Introduction
This overview explains the data integration (a.k.a. extract-transform-load (ETL)) process from a data source to a Kepion SQL database and covers required data integration tools.
Concepts
Each Kepion Application has a SQL database that can be used for data integration. There are three concepts you need to know:
- Data Sources
- Staging Tables
- Target Tables
Data sources
Data sources are where you extract the data you wish to transfer and load it to Kepion databases. Some potential data sources are:
- Excel Workbooks
- SQL databases
Staging tables
Staging tables are an intermediate workspace for data processing before loading your data to your target tables. Typically, staging tables are truncated when the data integration process runs (i.e., data is cleared) before they are populated with the loading data.
Dimension staging tables
Includes tables starting with DS_ (Dimension Staging) and DSE_ (Dimension Staging Error). These tables are used in conjunction with the Dimension data loading Stored Procedure (SP):
[dbo].[sp_Load_Dimension_From_Staging]
Attention: You must go through the dimension loading process to update your dimension data. This process ensures Dimension MemberIds remain consistent with your solution's assets (e.g., forms, rules, etc.).
Model staging tables
Includes tables starting with Staging_F. These tables are pre-created for convenience but optional in data integration. You can also use the target F_ (Model/Fact) tables directly. Be aware that changes made to an F_ table will impact the Application.
Target tables
The target tables hold the solution's data. There are three types of target tables: Dimension, Hierarchy, and Model.
Note: Model data are structured in a star schema. The F_ table contains hierarchy keys referencing H_ tables, which have dimension keys referencing D_ tables.
Dimension tables
Includes any table that begins with D_ or DO_. The D_ tables store the list of dimension members; the DO_ tables store the ordering information of the dimension members.
Attention: Avoid truncating records in the D_ table as you may lose MemberIds. However, if there are no fact records or assets (e.g., forms, rules, etc.) tied to the MemberIds, there is no concern.
Hierarchy tables (a.k.a. member lists)
Includes any table that begins with H_ or HO_. The H_ tables store a subset of a D_ table's dimension members and any Parent-Child (PC) relationships. The HO_ tables store the hierarchy members' ordering information.
Note: Each PC hierarchy (i.e., member List in Hierarchy mode) has a V_H_ view and SysCache_V_H table to optimize application performance. When updating H_ tables, truncate SysCache_V_H_ and re-insert the records from V_H_.
Model tables (a.k.a. Fact tables)
Includes any table that begins with F_. The F_ table stores all of a model's fact records. There are two types of F_ tables that can belong to a model:
- Writeback – Stores data that will change based on user input. For example, user-entered forecast records are stored in the Writeback table.

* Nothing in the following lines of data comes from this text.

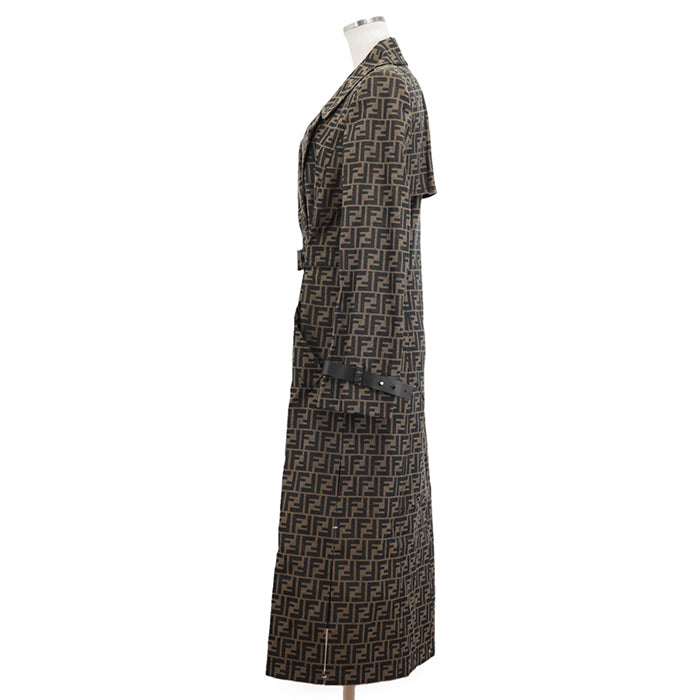 FENDI coat polyester Khaki, Brown FF8887 A5W3 36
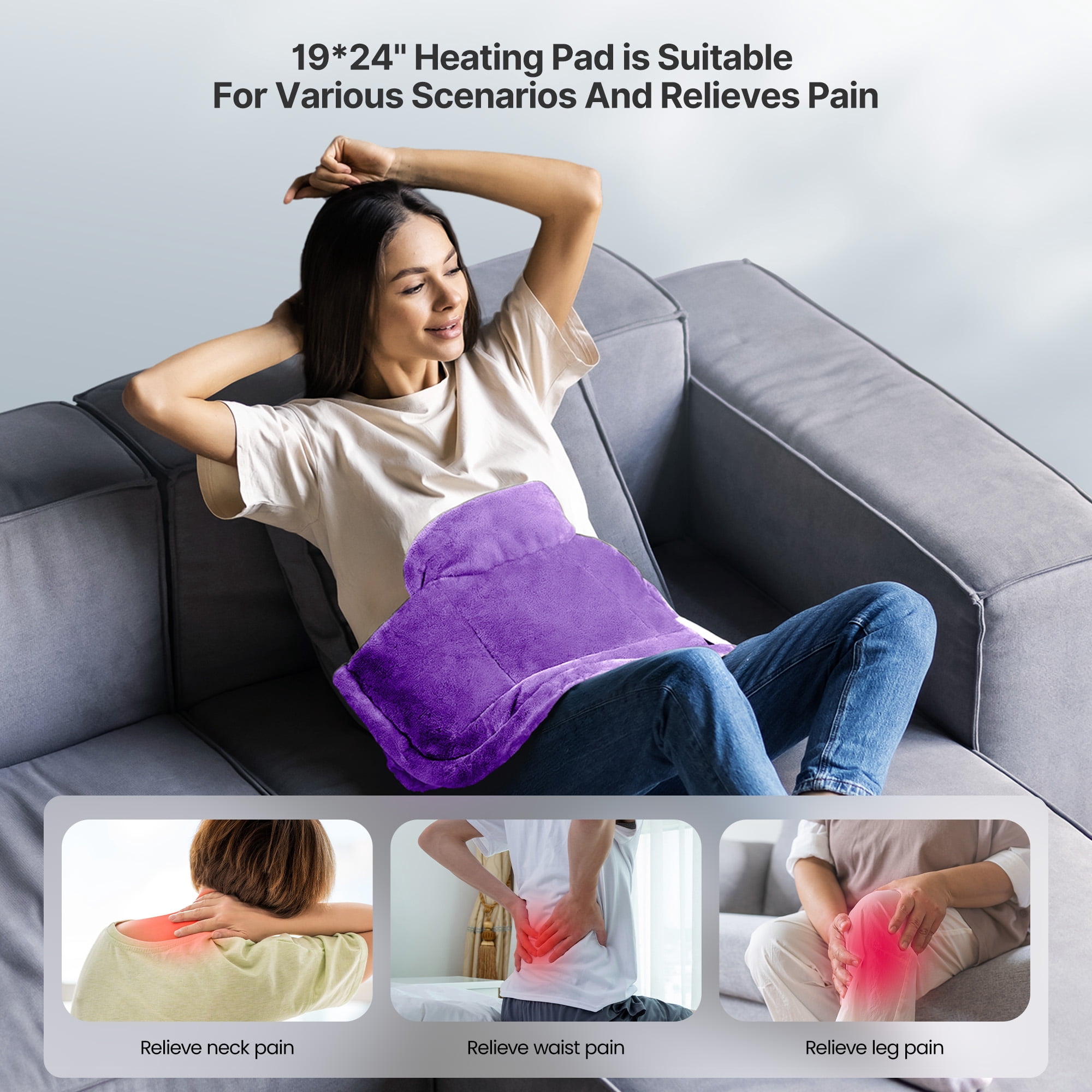 RENPHO Extra Large Heating Pad for Shoulders Neck and Back, 9 Temperature Settings, FSA HSA Eligible, 19"x 24", Mothers Day Gifts for Women Men, Purple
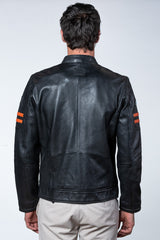 Blouson en cuir 24H Le Mans Erwan noir Homme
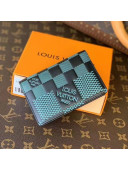 Louis Vuitton Men's Pocket Organizer Wallet in Damier 3D Leather N60438 Aqua Green 2021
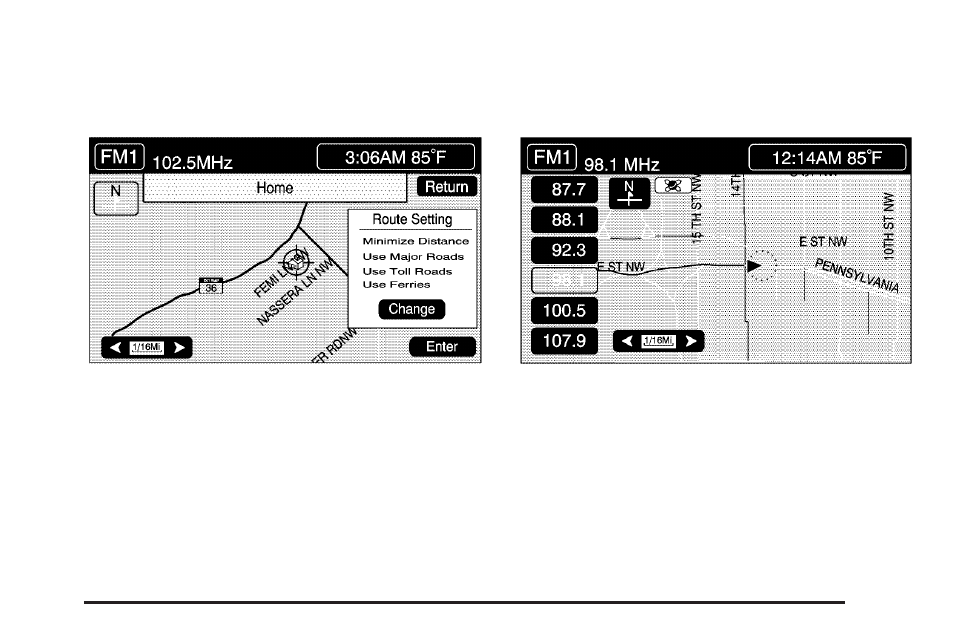 Home, Set by map | Cadillac 2006 XLR User Manual | Page 229 / 448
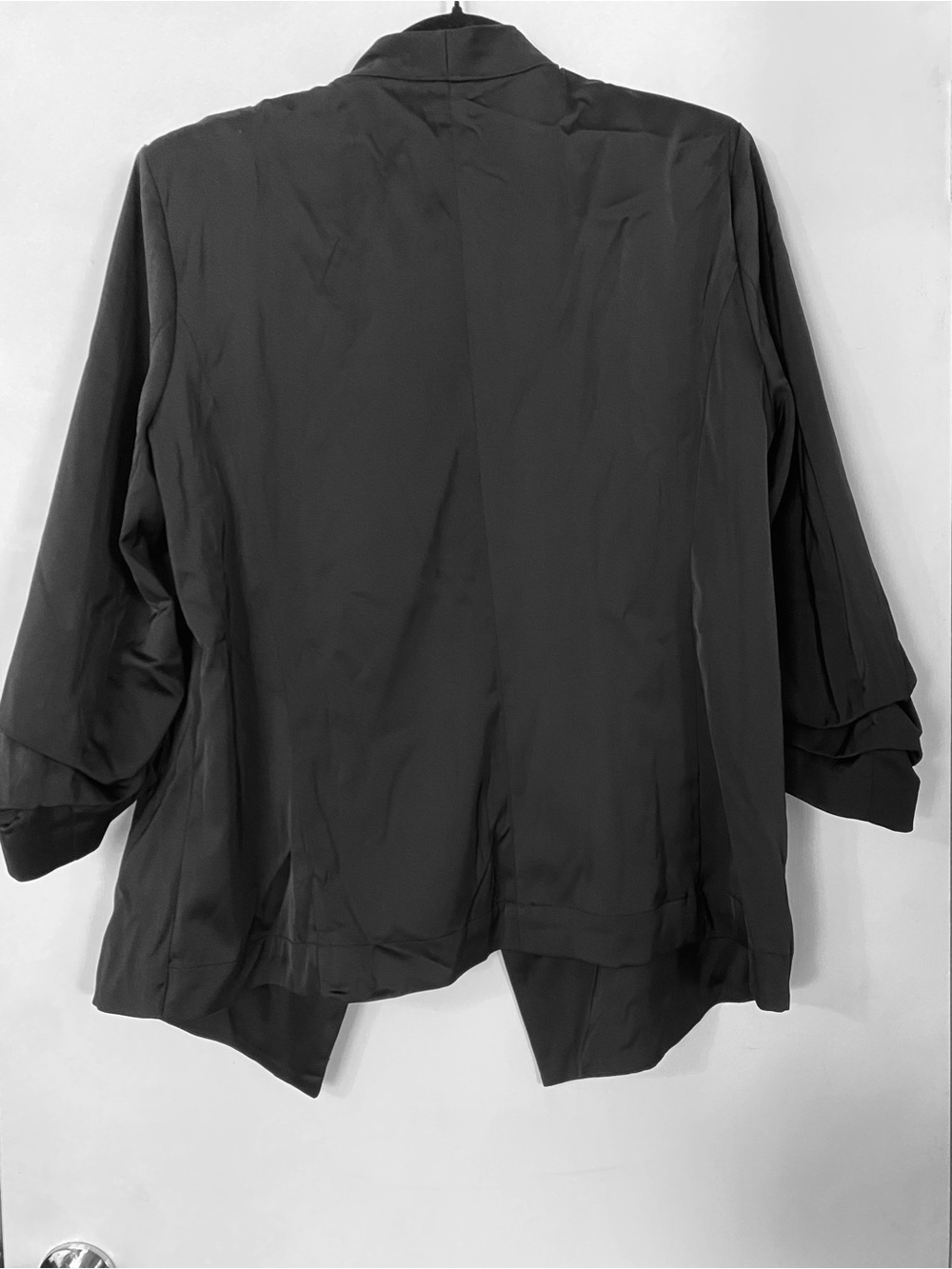 Rachel Zoe Open Front Blazer Jacket Ruched 3/4 Sleeves Black XL EUC - Picture 3 of 6
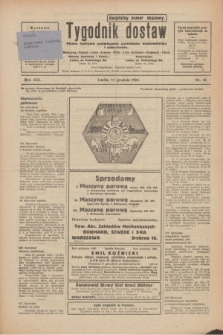 Tygodnik dostaw : pismo fachowe poświęcone polskiemu dostawnictwu i odbudowie. R.16, nr 43 (11 grudnia 1924)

- Non-Writeback – Stores all non-user-entered data. For example, actuals are stored in the Actuals table, not the Writeback table.
Tip: The FH_ table is a Model table that logs all user-entered data when the Audit option is enabled. Refer to our audit trail article for more information.
Process
The data integration process occurs in two steps:
- Extracting data from a source system and loading it to staging tables.
- Loading data from the staging tables to target tables.
Tip: Before starting data integration, ensure you have a backup of your application database in case of accidental data updates.
As a rule of thumb, execute data integration in the following order:
Click the links above to view how-to articles on the three data integration steps.
Tools
For data integration tools, we have three recommendations:
Management Studio
SSMS is the essential tool for data integration with Kepion databases. You must have it in order to conduct advanced data integration processes.
Azure Data Factory
ADF, released in 2015, is a serverless data integration service based on Microsoft Azure. ADF has a collection of 'pipelines,' the equivalent to SSIS's project and package structures.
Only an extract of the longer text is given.